# WORK TASK
This calls for a verbatim copy of all the data, with no images carried over.

# SOURCE DATA

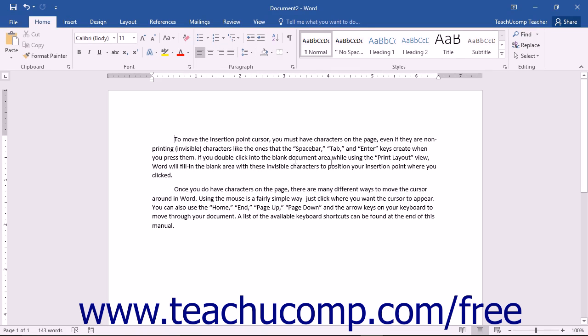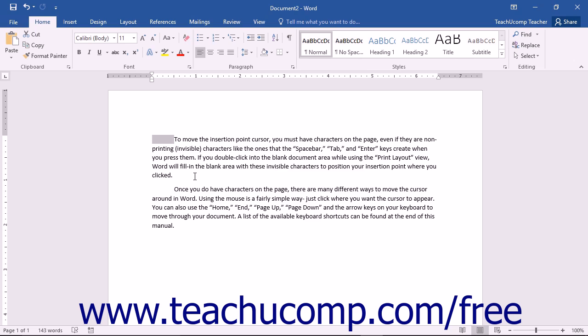In Word, the spacebar, tab, and enter keys all create characters within your document just like any other key on your keyboard does. Normally you cannot see these characters, but they can sometimes be problematic when they are accidentally selected.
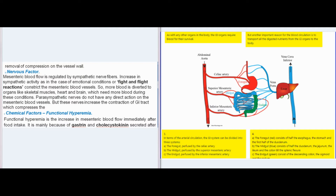Nervous factor: Mesenteric blood flow is regulated by sympathetic nerve fibers. Increase in sympathetic activity, as in the case of emotional conditions or fight-and-flight reactions, constricts the mesenteric blood vessels. So more blood is diverted to organs like skeletal muscles, heart, and brain, which need more blood during these conditions. Parasympathetic nerves do not have any direct action on the mesenteric blood vessels.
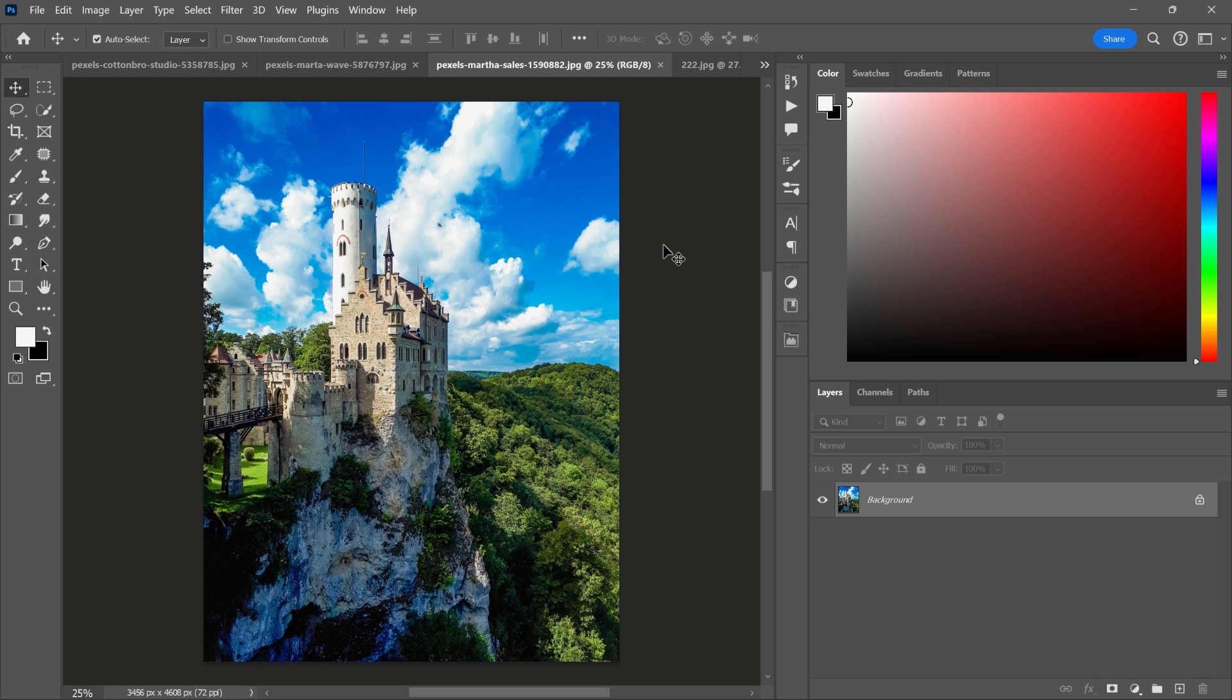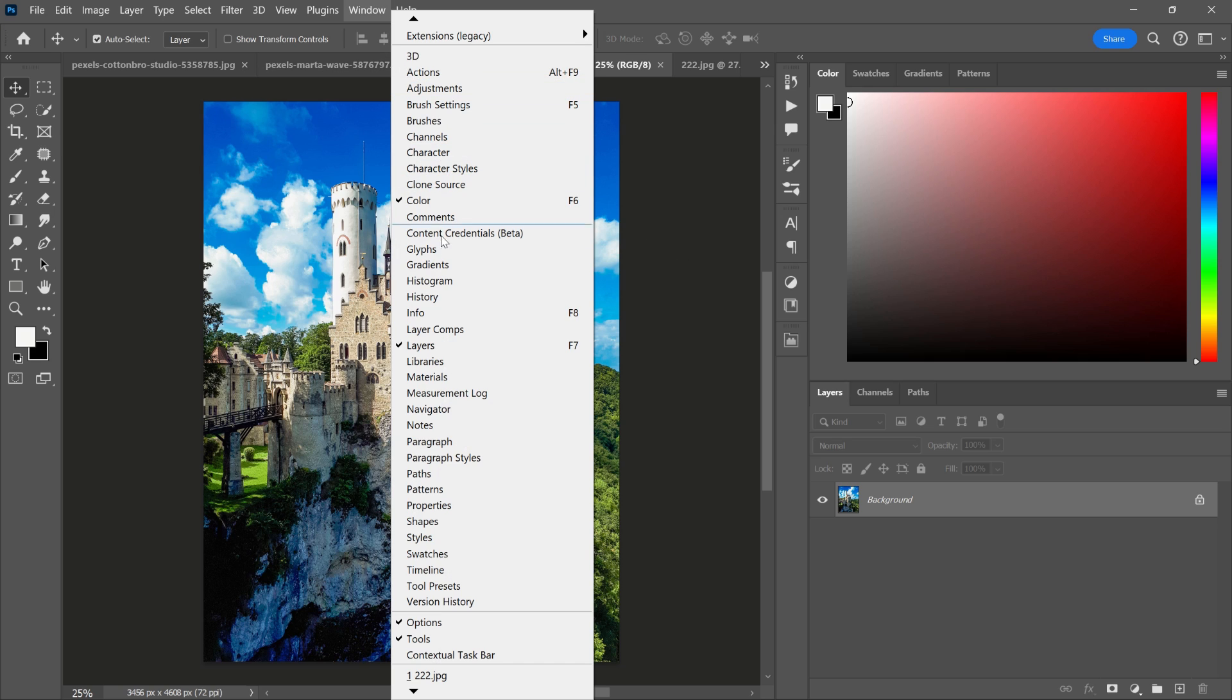Open your picture in Photoshop and go to the Window menu. Then select the Contextual Task Bar.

# EXPECTED ANSWER
In Word, the spacebar, tab, and enter keys all create characters within your document just like any other key on your keyboard does. Normally you cannot see these characters, but they can sometimes be problematic when they are accidentally selected.
Nervous factor: Mesenteric blood flow is regulated by sympathetic nerve fibers. Increase in sympathetic activity, as in the case of emotional conditions or fight-and-flight reactions, constricts the mesenteric blood vessels. So more blood is diverted to organs like skeletal muscles, heart, and brain, which need more blood during these conditions. Parasympathetic nerves do not have any direct action on the mesenteric blood vessels.
Open your picture in Photoshop and go to the Window menu. Then select the Contextual Task Bar.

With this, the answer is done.